**Problem description**: Please restate the records that follow exactly, skipping their images.

**Entries shown**:

----------

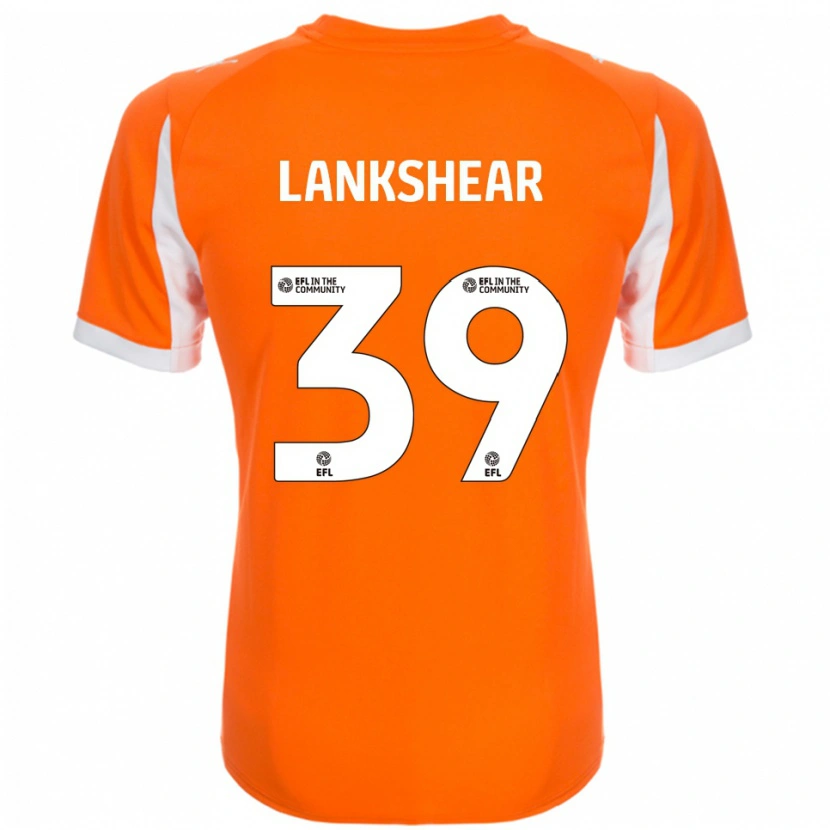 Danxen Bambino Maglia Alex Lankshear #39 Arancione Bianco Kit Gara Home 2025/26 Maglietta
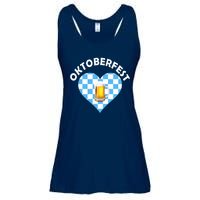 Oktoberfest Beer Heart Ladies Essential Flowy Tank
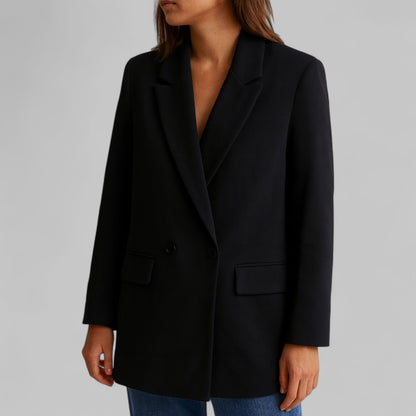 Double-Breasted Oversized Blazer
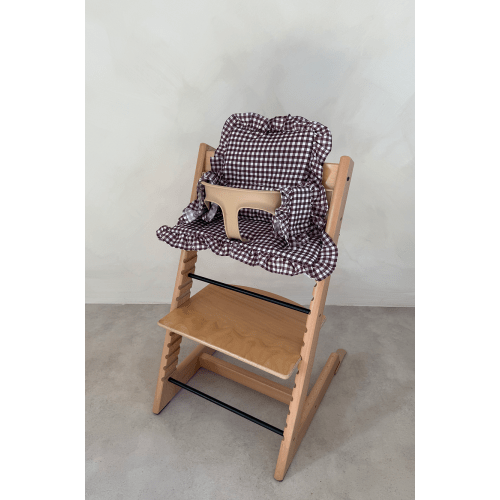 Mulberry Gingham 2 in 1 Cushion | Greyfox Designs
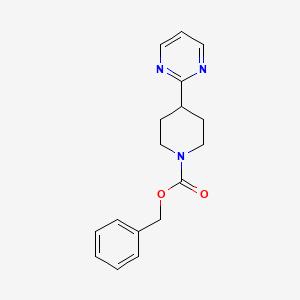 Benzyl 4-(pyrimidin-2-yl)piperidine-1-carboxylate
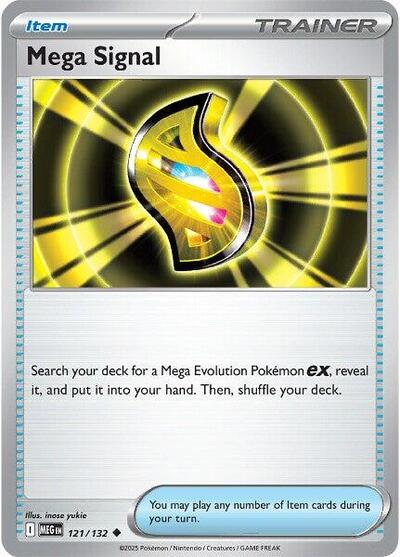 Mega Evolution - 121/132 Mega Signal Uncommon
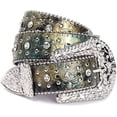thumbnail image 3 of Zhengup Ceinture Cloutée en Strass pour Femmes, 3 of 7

----------

**Your solution**:
 Danxen Bambino Maglia Alex Lankshear #39 Arancione Bianco Kit Gara Home 2025/26 Maglietta
 Oktoberfest Beer Heart Ladies Essential Flowy Tank
 Double-Breasted Oversized Blazer
 Mulberry Gingham 2 in 1 Cushion | Greyfox Designs
 Benzyl 4-(pyrimidin-2-yl)piperidine-1-carboxylate
 Mega Evolution - 121/132 Mega Signal Uncommon
thumbnail image 3 of Zhengup Ceinture Cloutée en Strass pour Femmes, 3 of 7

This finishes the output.